» **ABOUT THIS TASK**: What you return should be the lines of the data containing "Mercedes", each in full.

Entries taken from a collection
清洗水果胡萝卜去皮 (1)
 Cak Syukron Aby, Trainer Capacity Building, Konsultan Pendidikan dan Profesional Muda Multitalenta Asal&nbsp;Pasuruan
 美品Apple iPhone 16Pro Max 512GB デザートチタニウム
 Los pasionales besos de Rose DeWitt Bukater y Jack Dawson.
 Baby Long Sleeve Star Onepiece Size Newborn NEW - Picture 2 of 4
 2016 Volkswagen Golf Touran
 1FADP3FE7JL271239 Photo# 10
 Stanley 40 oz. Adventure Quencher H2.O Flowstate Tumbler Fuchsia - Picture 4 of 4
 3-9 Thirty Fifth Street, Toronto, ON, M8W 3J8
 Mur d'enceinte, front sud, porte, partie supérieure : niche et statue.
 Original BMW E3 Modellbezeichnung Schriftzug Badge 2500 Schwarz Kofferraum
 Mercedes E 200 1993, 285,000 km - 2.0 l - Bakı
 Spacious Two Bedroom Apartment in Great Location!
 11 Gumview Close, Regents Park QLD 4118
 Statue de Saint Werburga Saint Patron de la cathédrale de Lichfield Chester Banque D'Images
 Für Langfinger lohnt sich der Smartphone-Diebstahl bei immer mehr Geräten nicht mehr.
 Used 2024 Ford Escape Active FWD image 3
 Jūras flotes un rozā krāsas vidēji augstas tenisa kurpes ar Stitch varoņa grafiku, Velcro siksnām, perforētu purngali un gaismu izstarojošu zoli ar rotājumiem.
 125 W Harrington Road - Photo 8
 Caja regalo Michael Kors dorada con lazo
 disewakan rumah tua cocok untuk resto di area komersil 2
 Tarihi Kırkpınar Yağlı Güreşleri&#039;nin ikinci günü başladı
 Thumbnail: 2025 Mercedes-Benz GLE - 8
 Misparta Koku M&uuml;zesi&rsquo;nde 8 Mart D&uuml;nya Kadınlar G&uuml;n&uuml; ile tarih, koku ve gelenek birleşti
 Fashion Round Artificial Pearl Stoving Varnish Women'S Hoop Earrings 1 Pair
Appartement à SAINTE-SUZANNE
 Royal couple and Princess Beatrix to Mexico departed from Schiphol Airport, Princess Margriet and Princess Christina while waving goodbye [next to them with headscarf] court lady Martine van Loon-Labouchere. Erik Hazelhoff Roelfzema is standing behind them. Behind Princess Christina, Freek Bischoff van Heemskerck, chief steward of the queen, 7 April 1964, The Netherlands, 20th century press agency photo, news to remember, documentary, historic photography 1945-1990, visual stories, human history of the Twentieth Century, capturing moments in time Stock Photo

» **OUTPUT FOR THIS TASK**:
 Mercedes E 200 1993, 285,000 km - 2.0 l - Bakı
 Thumbnail: 2025 Mercedes-Benz GLE - 8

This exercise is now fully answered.